Kevin Rogers, an executive with developer WRS, said Thursday his firm is about 30 to 60 days away from closing on its purchase of Underground.
Rogers also said his firm has about 15 buildings under contract along Peachtree Street, south of the Five Points MARTA station.
Rogers said there are “great and hard-working merchants” who are anchors for the street, but his firm hopes its investment will breathe new life into these buildings.
His comments came a day after renderings of the redevelopment showed a denser complex with more high-rise buildings.
The idea of expanding Underground outward and upward is ambitious given the development’s history. A hub of downtown’s nightclub scene in the 1970s, it was closed before being reborn in the 1980s as a city-backed retail-entertainment center. The project again gradually lost its luster and became a financial albatross before Atlanta Mayor Kasim Reed pushed for its sale.
Now, the more than $150 million re-do is viewed as a potential shot in the arm to downtown.
Rogers said it’s important to the project as well as current and would-be tenants to improve the surrounding area and make use of the forgotten and unused floors above aged storefronts.
“We’re intending to not only buy and repurpose them but bring them back to the original architecture,” Rogers said. Some of the buildings have been “skinned” with stucco or other cladding that’s hidden architectural gems, such as original brick surfaces. Rogers said many would-be office tenants and apartment dwellers seek such authentic aesthetics.
Many of the properties are currently occupied by ground floor retailers, such as Payless ShoeSource and Metro Mall. Upper floors in many of the structures are mostly empty.
“It’s like someone shut the lights off on them 40 or 50 years ago and no one has been in them since,” he said.
Rogers said the team at Atlanta-based design firm Square Feet Studio spent four days crawling through the buildings compiling a report on their conditions and hidden architectural details.
Rogers said WRS will honor leases with existing tenants if his company exercises options to purchase surrounding buildings. He said the firm wants to restore the buildings to create unique ground floor or two-story retail and restaurant space, as well as loft offices and apartments.

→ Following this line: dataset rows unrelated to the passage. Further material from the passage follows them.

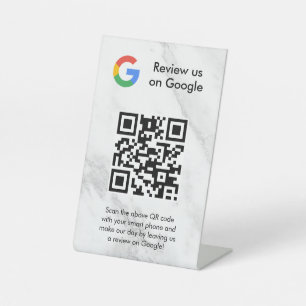 señal de código qr de reseñas de Google para mesa
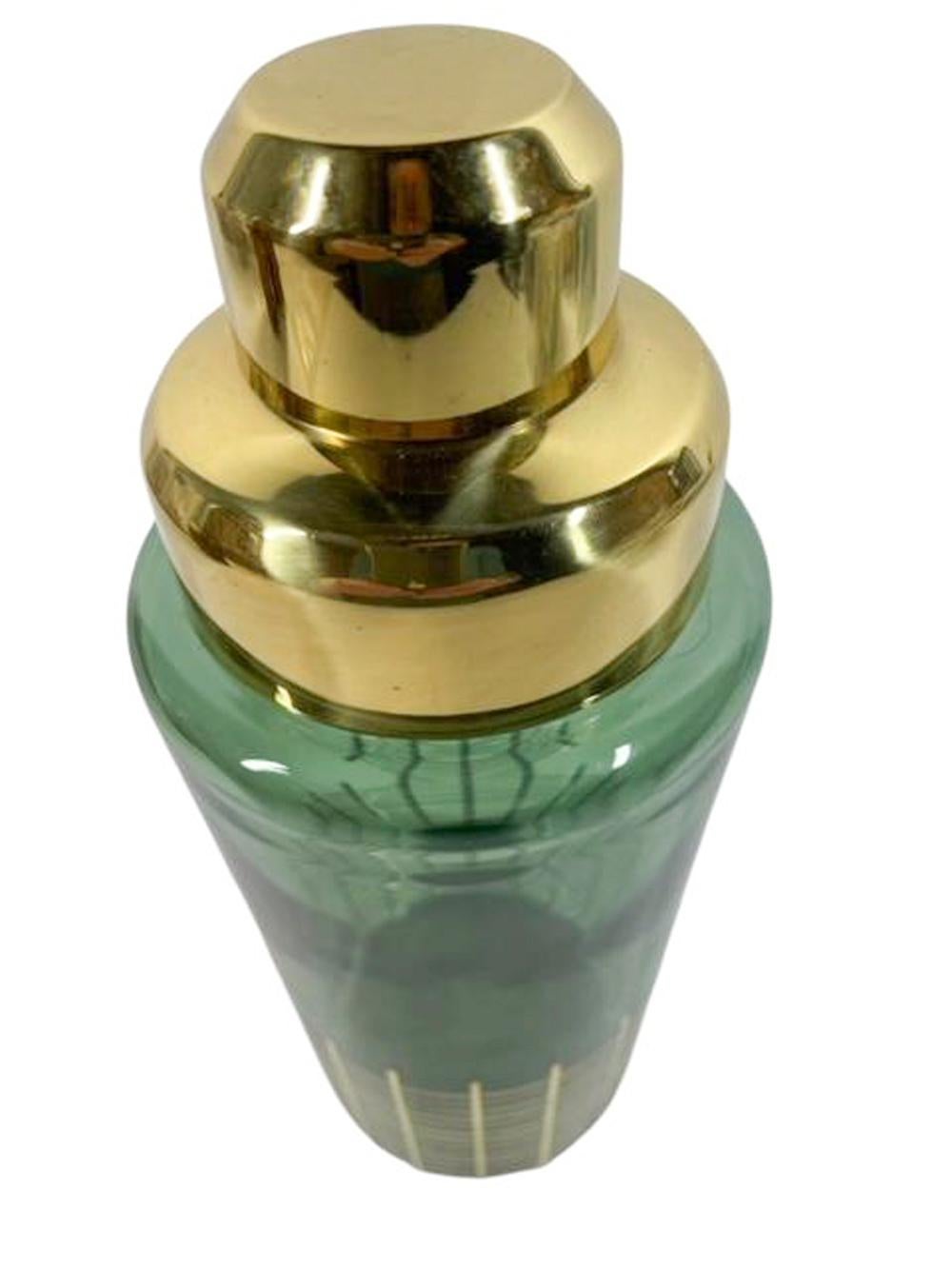 Mid-Century Modern MCM - Green Glass Cocktail Shaker with Gold Grid Decoration at Base and Gold Lid For Sale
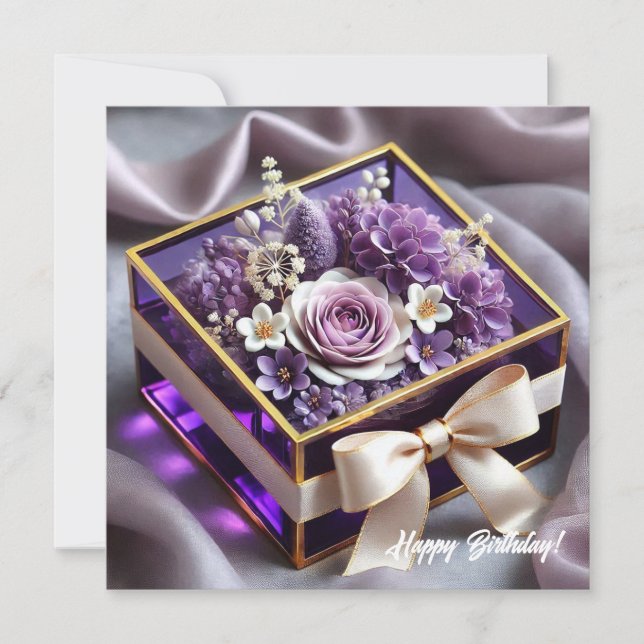 Tarjeta Festiva Regalo floral lujoso de vidrio violeta dorado chic (Anverso)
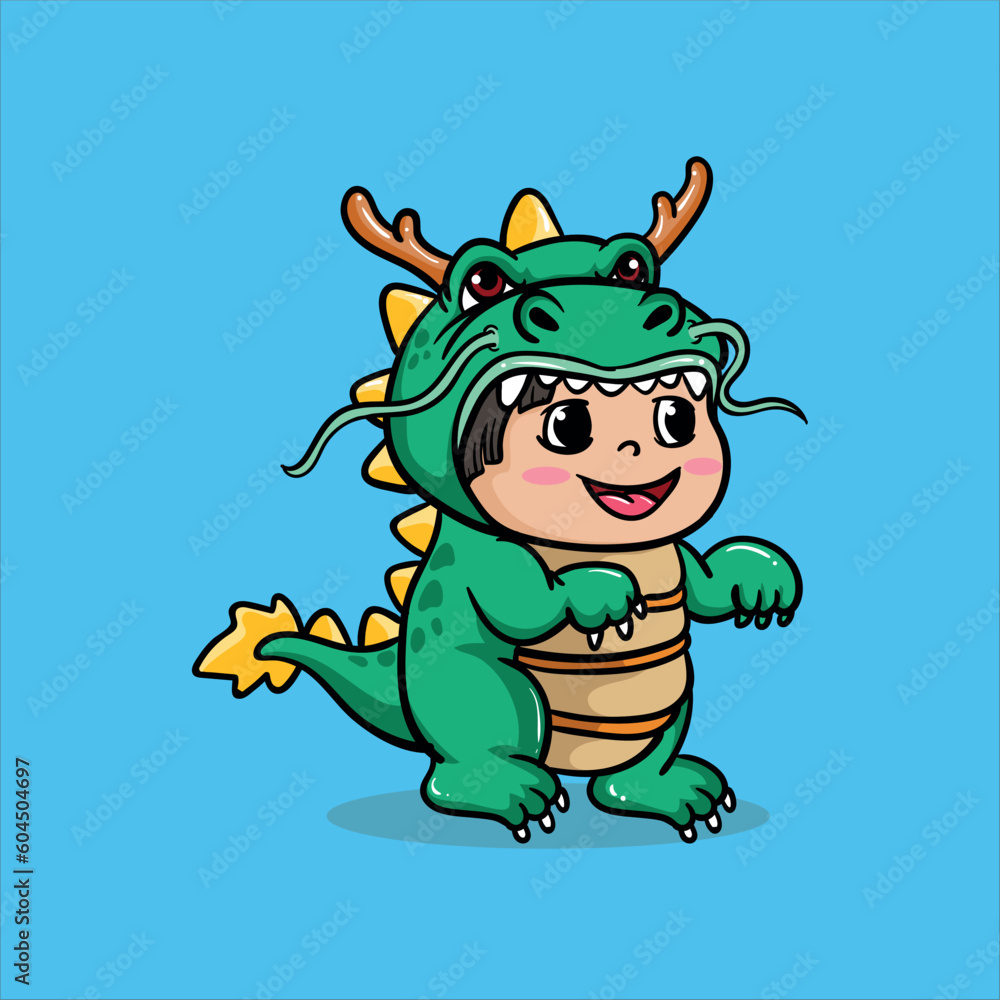 Vector cartoon little boy wearing dragon costume blue background Vector cartoon little boy wearing dragon costume blue background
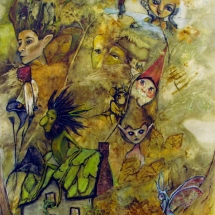 Elfin and gnome figures created by leaf-based eco-print and painting by artist Crystal Whitesides.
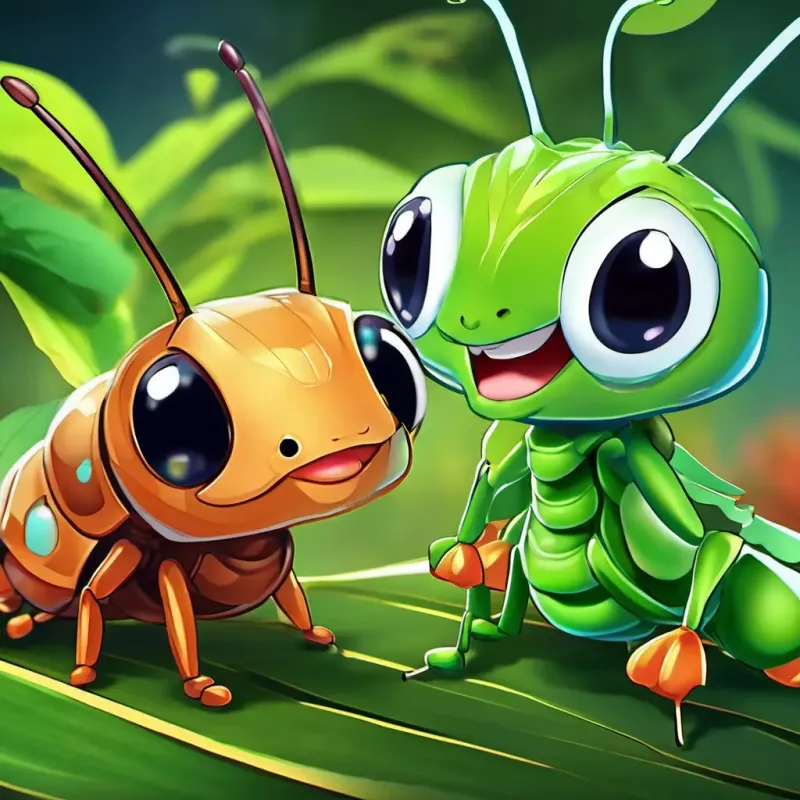 The A small ant with black eyes and a hardworking expression is talking to the A green grasshopper with big eyes and a happy smile, pointing at its food storage. The A green grasshopper with big eyes and a happy smile looks confused.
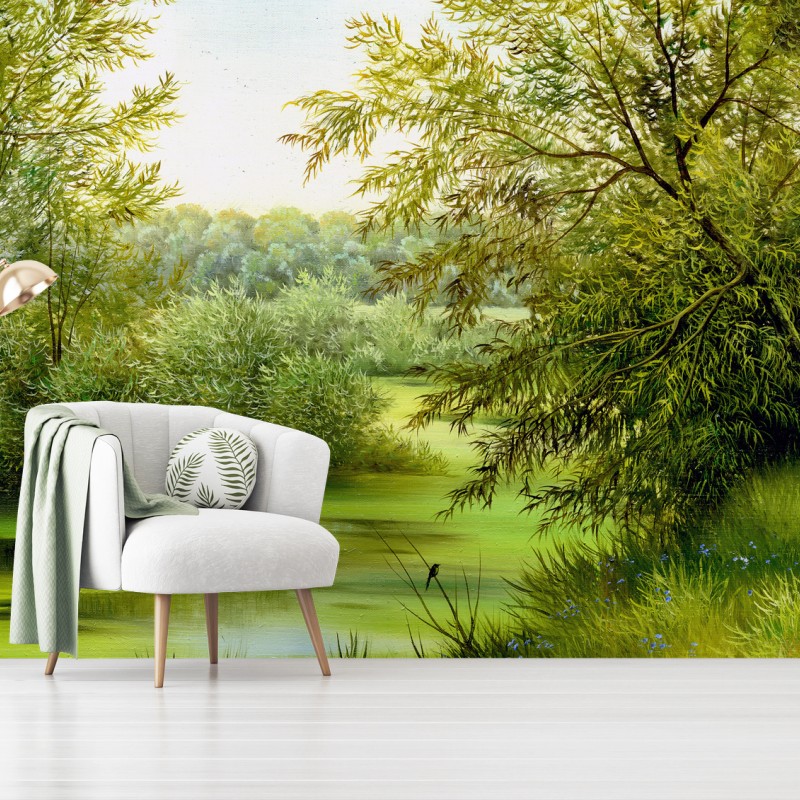 Papier peint paysage d'étang verdoyant – Wallnifity®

The firm has talked with technology firms about leasing 86 Pryor Street, former home of the city’s development authority, Invest Atlanta, Rogers said.
Rogers said WRS could start construction in about a year, with rehab of the Peachtree buildings starting sooner, if the group buys them.
The city and the state recently reached a deal that will involve the city taking over a downtown parking deck and other property owned by the state near Underground. In exchange the state will take control of Bobby Jones Golf Course in Buckhead.
Rogers said his group expects to eventually purchase the state property for additional development, including ground floor retail and residences that would surround structured parking.